Today U.S. Senators Josh Hawley (R-Mo.) and Homeland Security and Governmental Affairs Committee Chairman Gary Peters (D-Mich.) introduced the Enhancing DHS Drug Seizures Act -- a bipartisan bill to ensure that the Department of the Homeland Security (DHS) is efficiently using existing resources and expanding available tools to stop the flow of deadly and illicit drugs like fentanyl into our nation.
“Illicit drugs such as fentanyl are devastating communities and families across the country, including those in Missouri,” said Senator Hawley. “In order to crack down on drug cartels and criminals operating across our southern border, we need to give the Department of Homeland Security the right tools and resources to root out drug smuggling and improve interdiction efforts. I’m proud to work with Chairman Peters on bipartisan solutions to address the ongoing opioid crisis.”
Chairman Peters said, “The opioid crisis continues to devastate communities in Michigan and across our country. That is why we must use every tool at our disposal to fight back against trafficking and seize these drugs before they can harm Americans. By bolstering the Department of Homeland Security’s ability to reduce the supply of dangerous drugs like fentanyl in the United States, this bipartisan bill will help reduce overdoses and save lives.”
Bill text can be found here.
The Enhancing DHS Drug Seizures Act would:
- Provide solutions to assist DHS with its counter drug mission while also holding DHS accountable for assessing and improving its efforts.

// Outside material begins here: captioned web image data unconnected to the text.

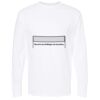 Gold Soft Touch Long Sleeve T-Shirt Thumbnail
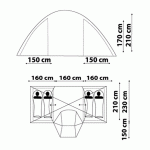 Кемпинговая палатка Canadian Camper SANA 4 plus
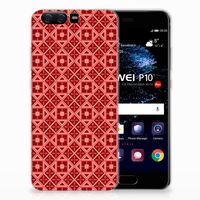 Huawei P10 TPU bumper Batik Rood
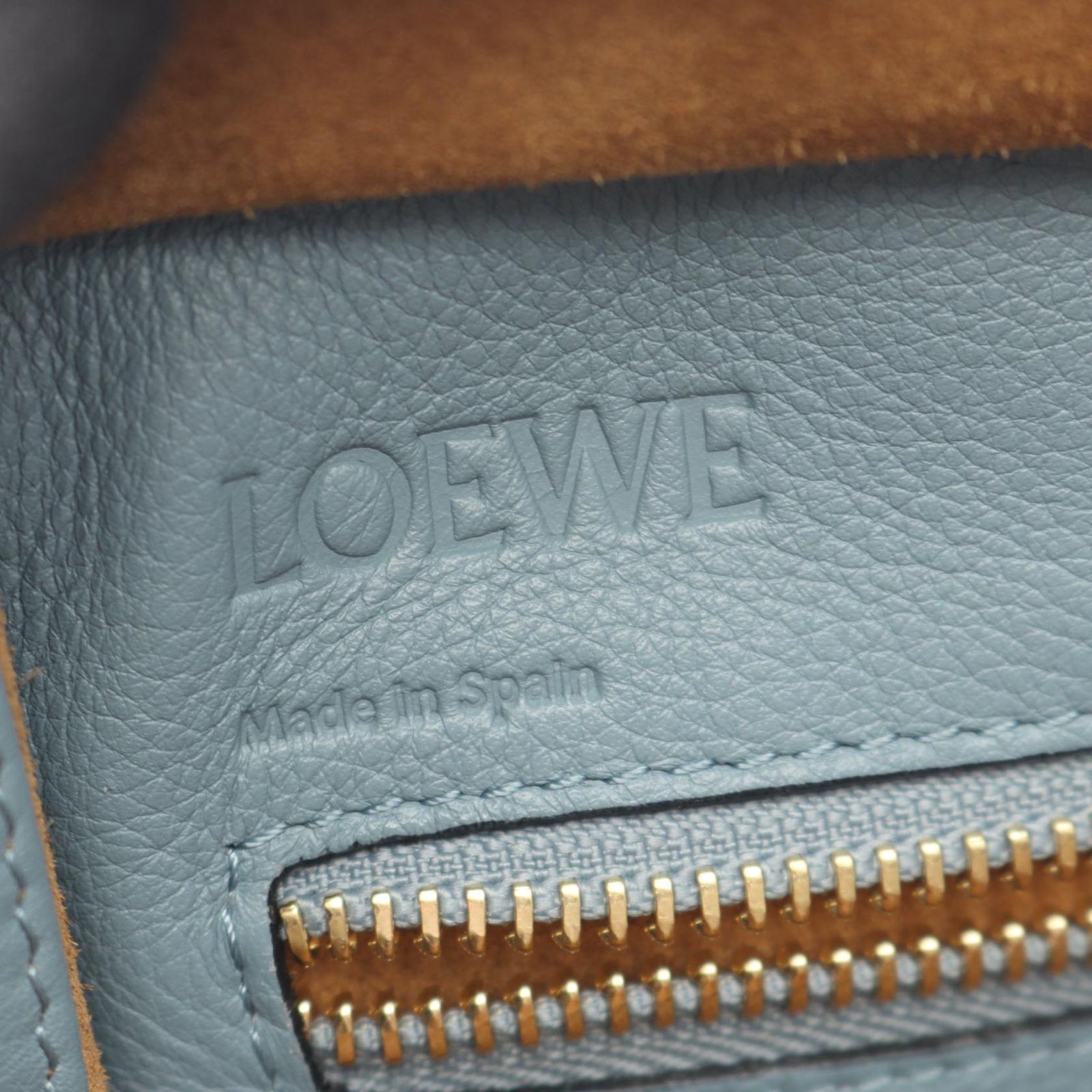 ロエベ LOEWE ハンドバッグ アマソナ28 2WAY ブルーグレー レザー 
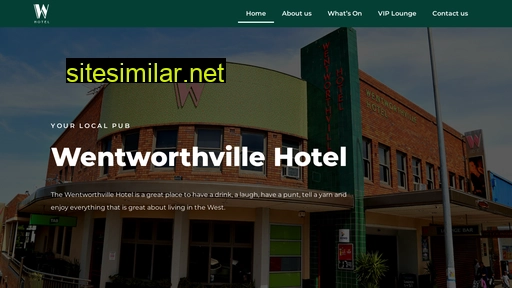 wentworthvillehotel.com.au alternative sites
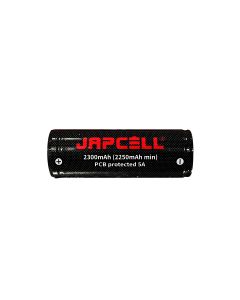 Batteria ricaricabile Japcell 18500 Li-ion 2300mAh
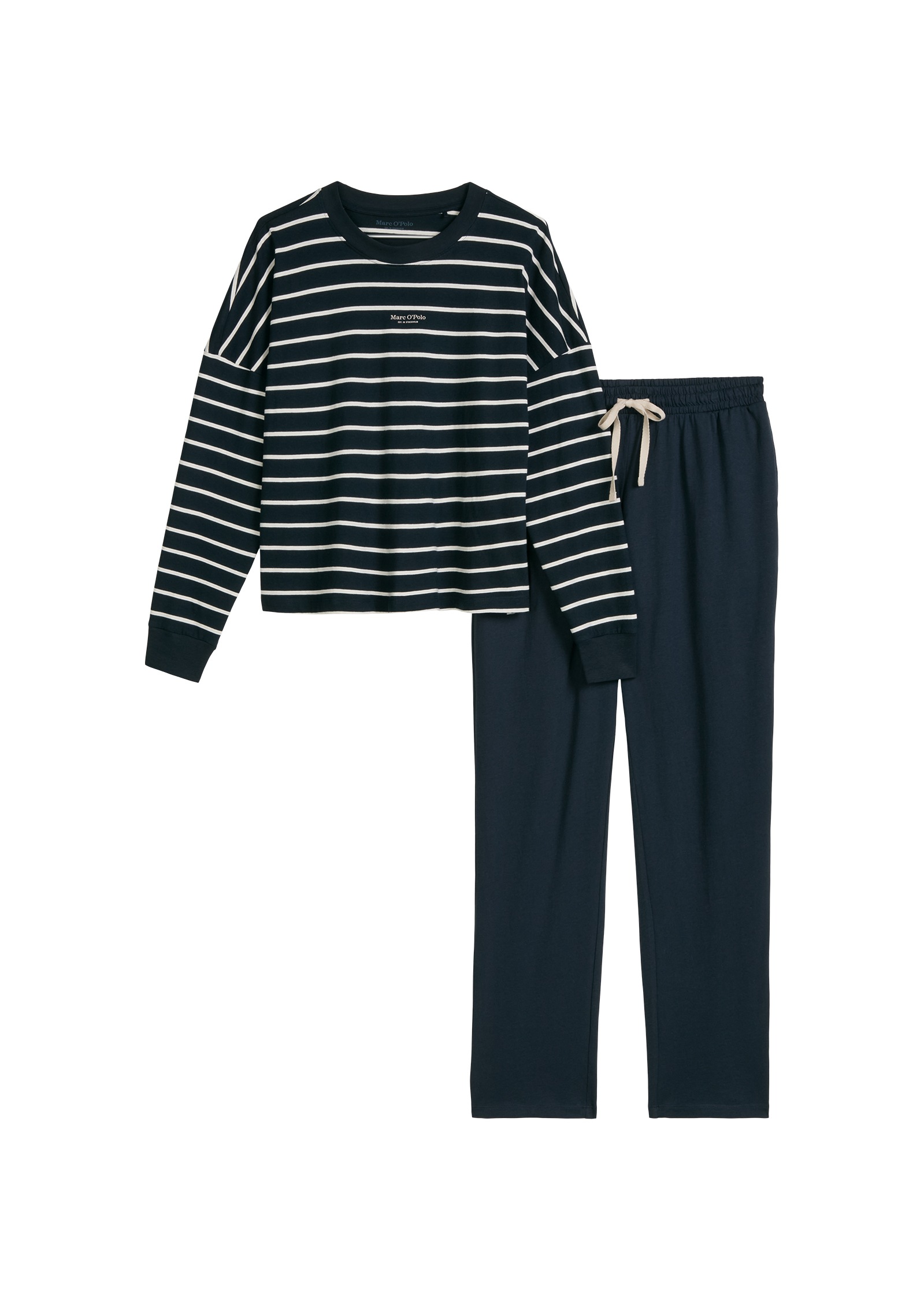 Marc OPolo Pyjama "Mix N Match Cotton Pyjama Set Long" 2tlg., 2 tlg. mit la günstig online kaufen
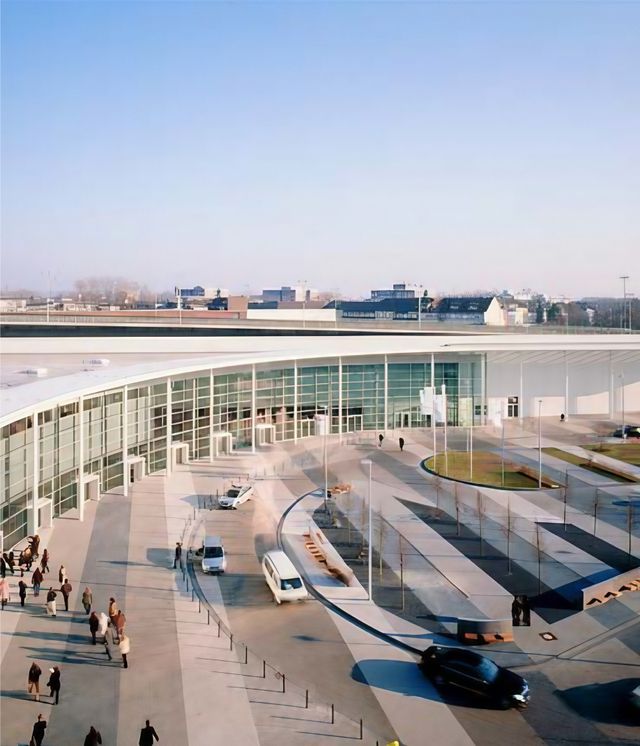 Vogelperspektive des Kölner Messegeländes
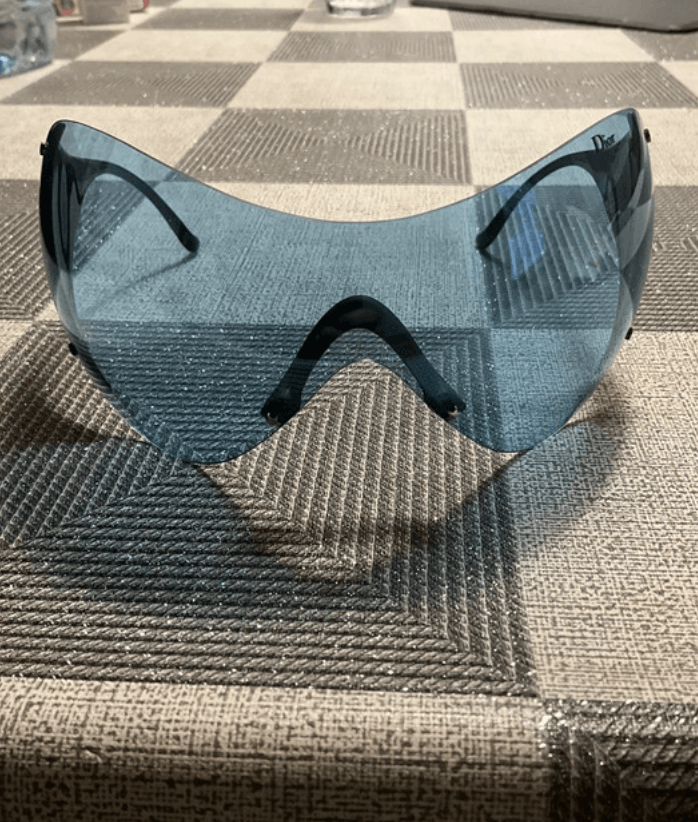 Dior DIOR Sunglasses Ski Pop Mask Wrap Shield Logo Bike Size ONE SIZE - 6 Thumbnail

- Ensure that DHS is utilizing available resources to develop additional ways to test for fentanyl and other illicit drugs. It also requires DHS to study how they can improve efforts to collect and analyze data on illegal drug seizures.
- Enhance penalties for drug traffickers who knowingly and willfully surveil, track, monitor, or transmit information about the location and movement of enforcement officials and those who destroy border technology, such as sensors and cameras, in order to smuggle drugs into the United States.